Nothing disturbs one. One night, while sleeping, we were drenched
to the skin by torrential rains. We never stirred, but waited for the
sun to dry us out again. Many things considered necessities of
civilization simply drop out of existence. A toothbrush was not
imaginable. We ate instinctively, when we had food, with our hands.
If we had stopped to think of it at all, we should have thought it
ludicrous to use knife and fork.

We were all looking like shaggy, lean wolves, from the necessity of
subsisting on next to nothing. I remember having gone for more
than three days at a time without any food whatsoever, and many a
time we had to lick the dew from the grass for want of water. A
certain fierceness arises in you, an absolute indifference to anything
the world holds except your duty of fighting. You are eating a crust
of bread, and a man is shot dead in the trench next to you. You
look calmly at him for a moment, and then go on eating your bread.

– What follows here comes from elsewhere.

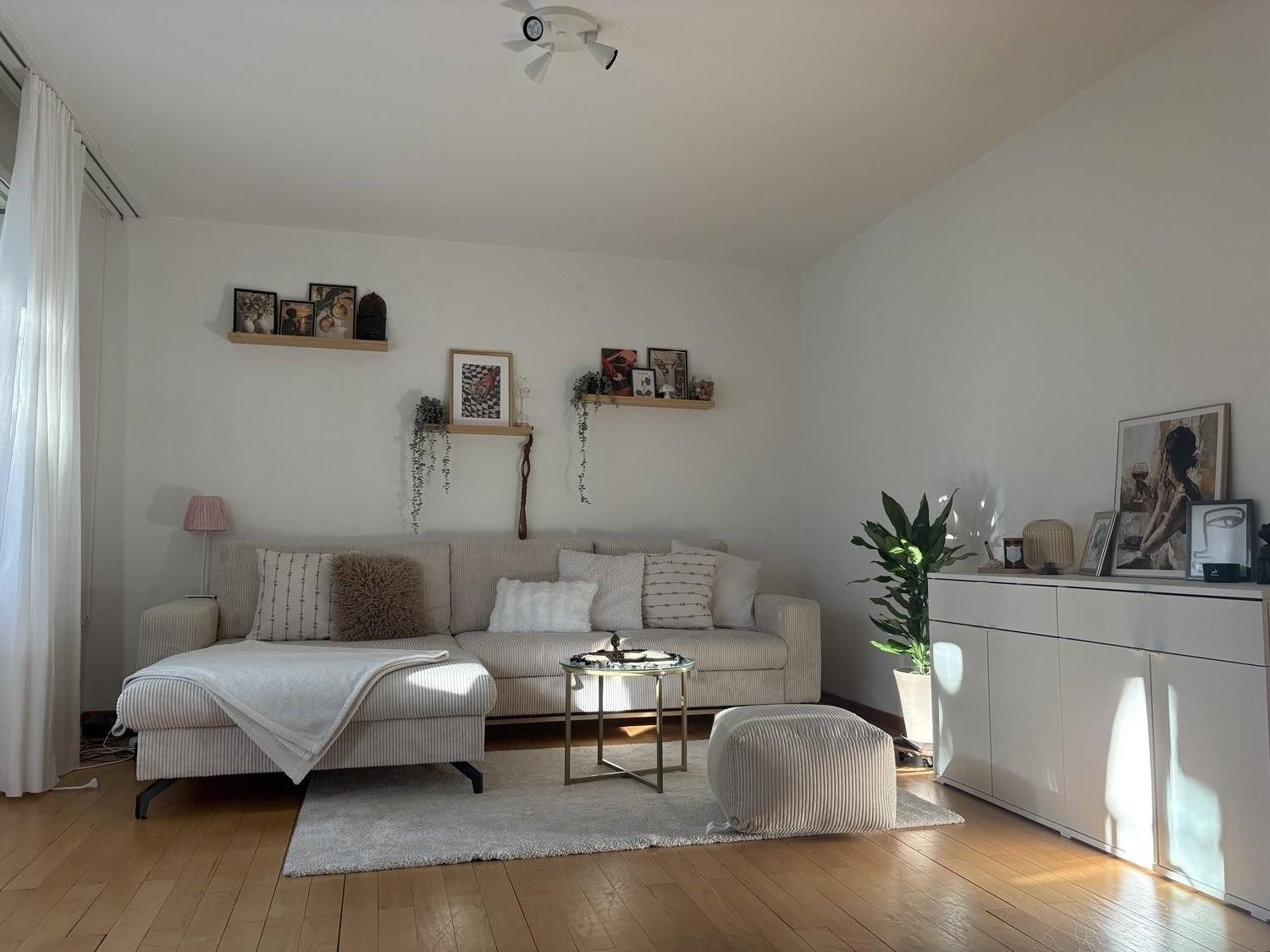 3 rooms apartment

Why not? There is nothing to be done. In the end you talk of your
own death with as little excitement as you would of a luncheon
engagement. There is nothing left in your mind but the fact that
hordes of men to whom you belong are fighting against other
hordes, and your side must win.

My memory of these days is very much blurred, every day being
pretty nearly the same as the preceding one,--fatiguing marches,
little rest and comparatively little fighting.